The 'randomness' is due to the fact that sometimes it has finished indexing by the time you add the next note, and sometimes it has not.

The solution is to periodically backup your existing clippings file (whenever it starts feeling slow) and start a new one. You could even just rename 'My Clippings.txt' (e.g to 'My Clippings 20110517.txt') and still be able to read it on Kindle as a text file. Kindle will create a new 'My Clippings.txt' to hold all subsequent notes you make.

I can think of several ways Amazon could address this issue, but they all have drawbacks. For example, they could automatically 'archive' My Clippings when it got to a certain size (again, renaming the existing file and starting a new one). But then when one wanted to extract something to use on the computer, you'd have several files to look through instead of just the one.

Or (my favorite) they could get rid of My Clippings (and thus its 'overhead' in terms of processor and storage) altogether and add an 'Export notes and highlights' option to each item. However they'd also need to figure out how to index your notes and highlights (as stored in the binary sidecar files) so they could still show up in search results. (hmm and will they ever bother to index PDF files so they can show up in search results?)

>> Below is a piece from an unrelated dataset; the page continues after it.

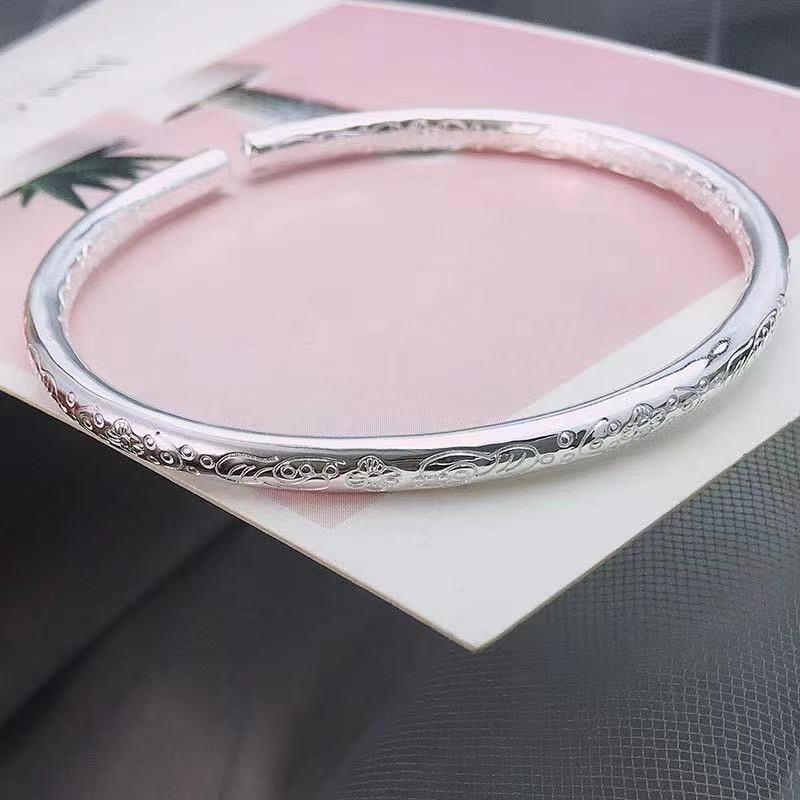 Bohemian White Copper Silver-Plated Beach Style Bangle - Romantic Fashion Bracelet for Women, Ideal Birthday Gift
Bohemian White Copper Silver-Plated Beach Style Bangle - Romantic Fashion Bracelet for Women, Ideal Birthday Gift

Amazon usually seems to favor brain-dead simplicity whenever the alternative is to add additional UI and 'options'. The only thing that might influence them is the cost of support calls generated by people calling with this particular performance issue. Since most Kindle users are not copious note-takers (I assume) this is probably not an issue for them, however.

Last edited by tomsem; 05-17-2011 at 06:22 PM.